Formatting data in a CSV file (calculating average) in python

import csv
with open('Class1scores.csv') as inf:
for line in inf:
parts = line.split()
if len(parts) > 1:
print (parts[4])
f = open('Class1scores.csv')
csv_f = csv.reader(f)
newlist = []
for row in csv_f:
row[1] = int(row[1])
row[2] = int(row[2])
row[3] = int(row[3])
maximum = max(row[1:3])
row.append(maximum)
average = round(sum(row[1:3])/3)
row.append(average)
newlist.append(row[0:4])
averageScore = [[x[3], x[0]] for x in newlist]
print('\nStudents Average Scores From Highest to Lowest\n')
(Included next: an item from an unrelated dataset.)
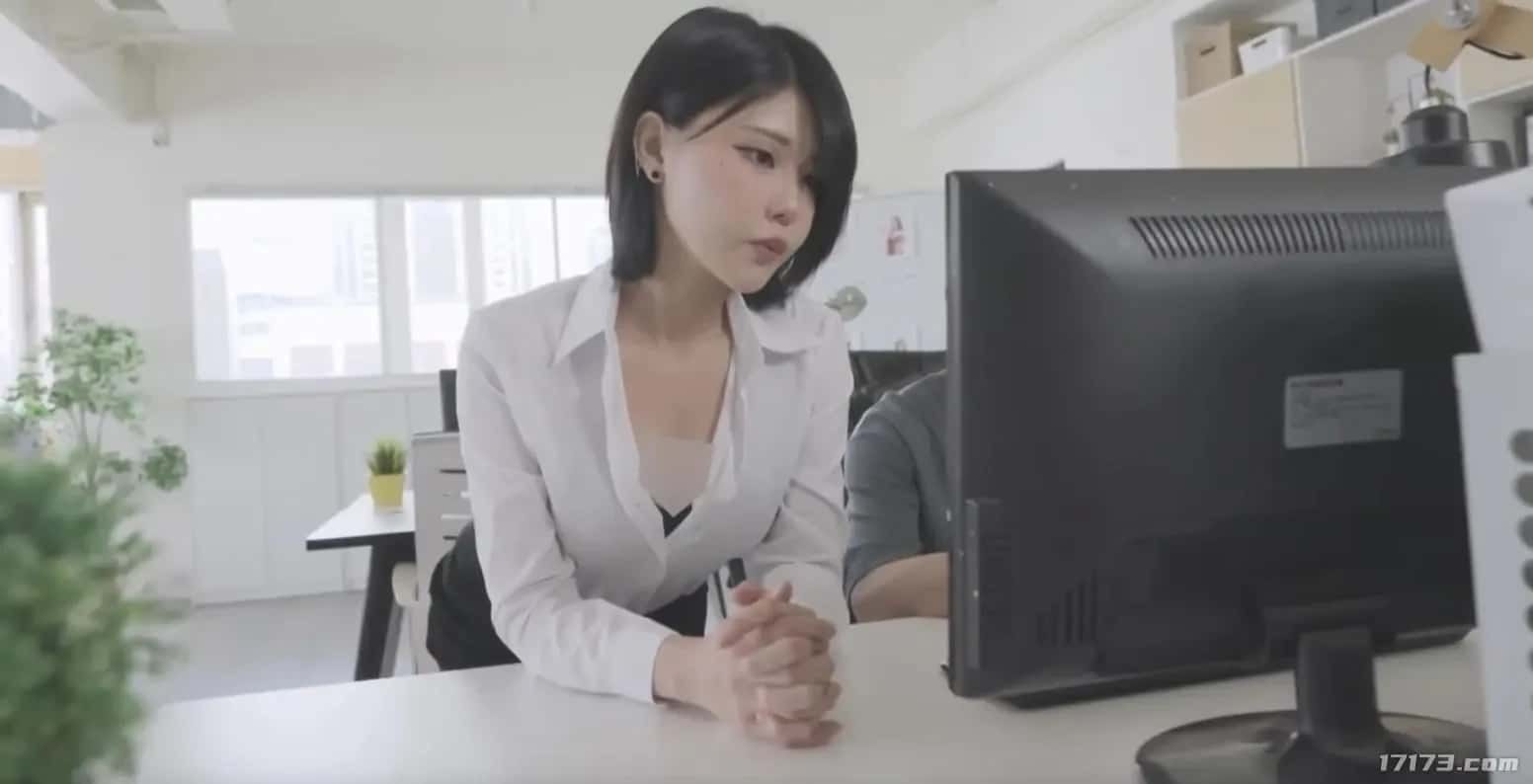 这个面试有点硬 角色养成 资料图 1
Here the code is meant to read the CSV file and in the first three rows (row 0 being the users name) it should add all the three scores and divide by three but it doesn't calculate a proper average, it just takes the score from the last column.
Basically you want statistics of each row. In general you should do something like this:
import csv
with open('data.csv', 'r') as f:
rows = csv.reader(f)
for row in rows:
name = row[0]
scores = row[1:]
# calculate statistics of scores
attributes = {
'NAME': name,
'MAX' : max(scores),
'MIN' : min(scores),
'AVE' : 1.0 * sum(scores) / len(scores)
}
output_mesg ="name: {NAME:s} \t high: {MAX:d} \t low: {MIN:d} \t ave: {AVE:f}"
print(output_mesg.format(**attributes))
Try not to consider if doing specific things is inefficient locally. A good Pythonic script should be as readable as possible to every one.
In your code, I spot two mistakes:
Appending to row won't change anything, since row is a local variable in for loop and will get garbage collected.
row[1:3] only gives the second and the third element. row[1:4] gives what you want, as well as row[1:]. Indexing in Python normally is end-exclusive.
And some questions for you to think about:
If I can open the file in Excel and it's not that big, why not just do it in Excel? Can I make use of all the tools I have to get work done as soon as possible with least effort? Can I get done with this task in 30 seconds?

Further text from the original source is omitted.